▶ TASK INSTRUCTIONS
Nothing but the lines from the one showing "Imagen de Amazon" through the final line of the data below belongs in the answer, duplicated exactly and without pictures.

▶ RECORDED DATA
Start of Block
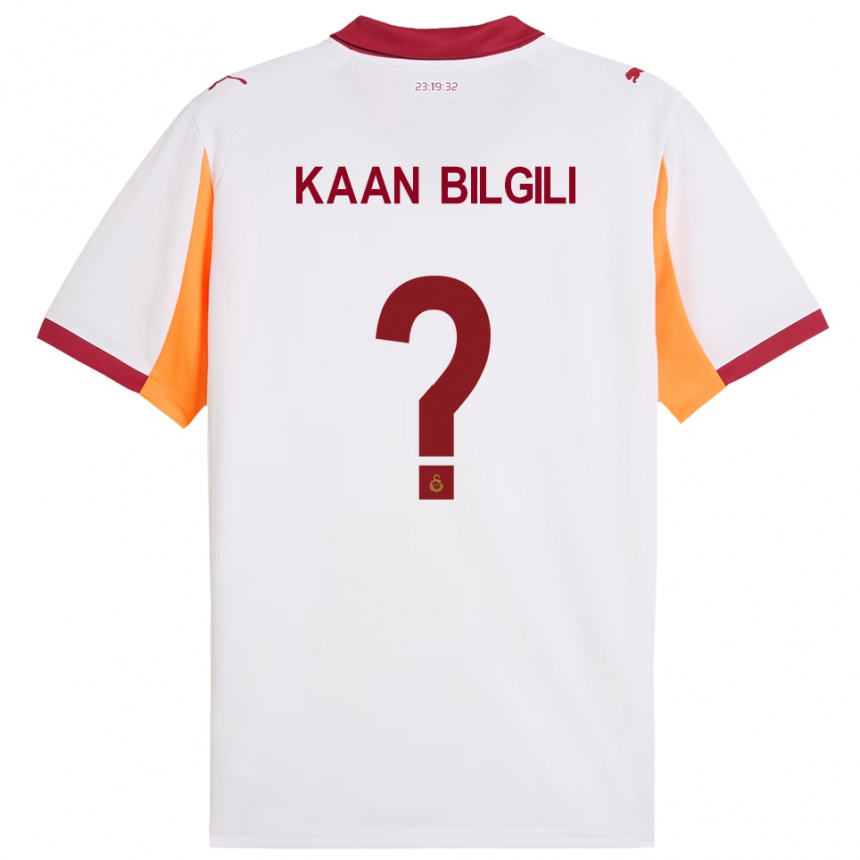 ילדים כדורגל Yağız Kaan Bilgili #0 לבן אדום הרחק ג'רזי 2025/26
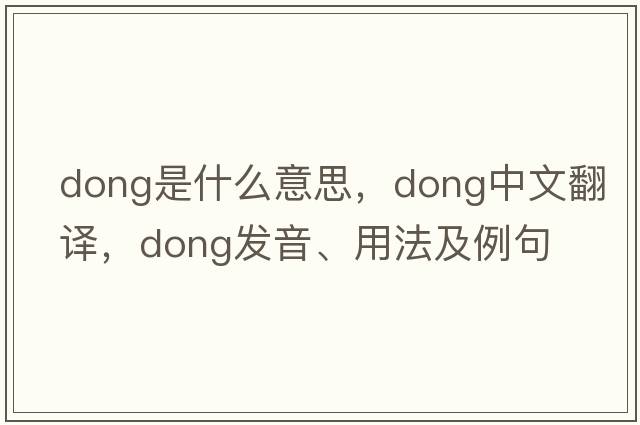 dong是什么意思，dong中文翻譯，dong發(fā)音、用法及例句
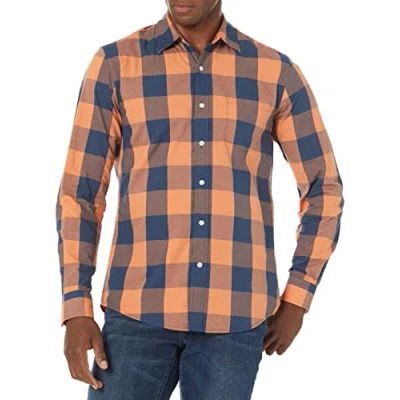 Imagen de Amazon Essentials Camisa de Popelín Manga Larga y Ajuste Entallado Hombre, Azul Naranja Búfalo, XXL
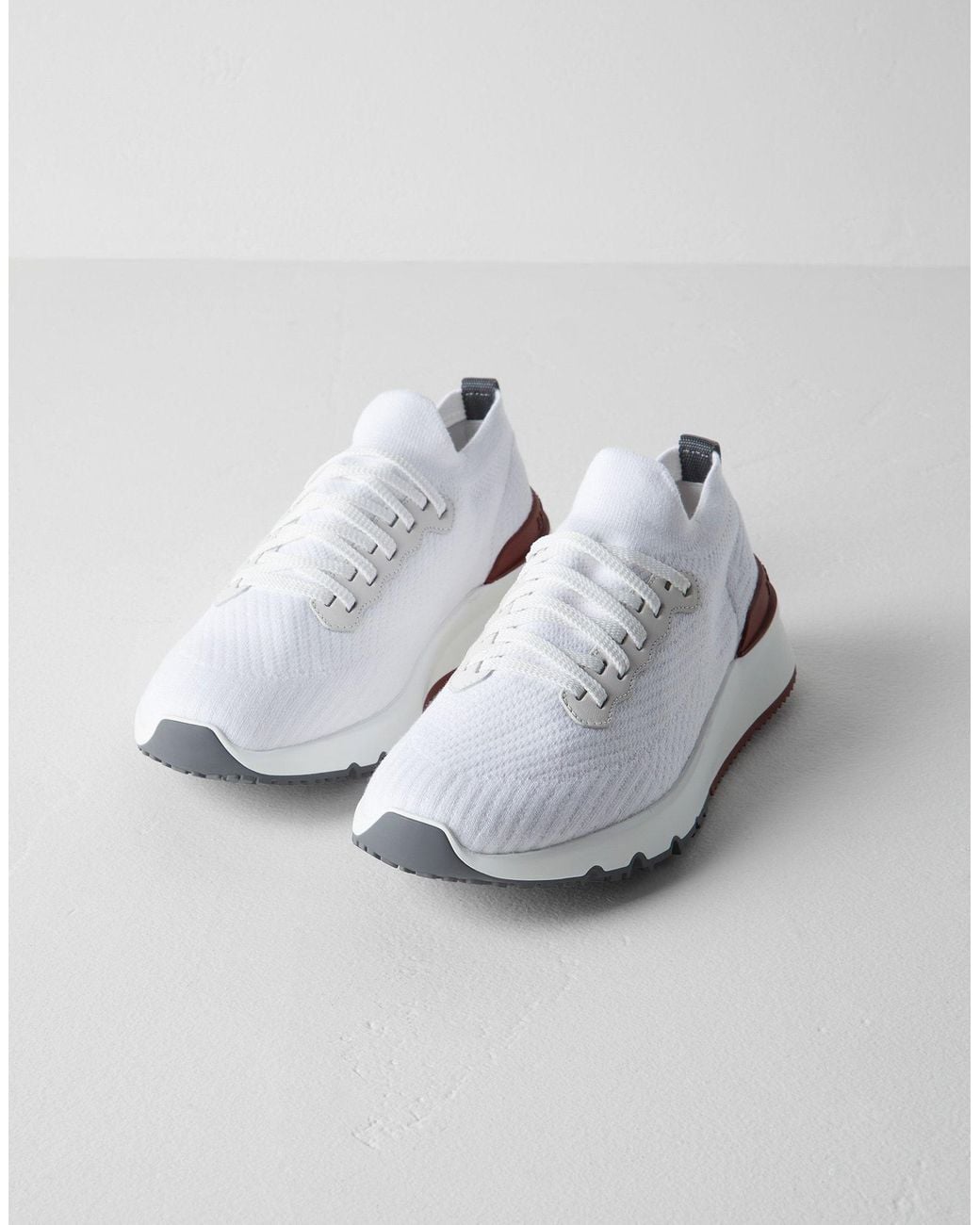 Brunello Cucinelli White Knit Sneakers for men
End of Block
▶ EXERCISE SOLUTION
 Imagen de Amazon Essentials Camisa de Popelín Manga Larga y Ajuste Entallado Hombre, Azul Naranja Búfalo, XXL
 Brunello Cucinelli White Knit Sneakers for men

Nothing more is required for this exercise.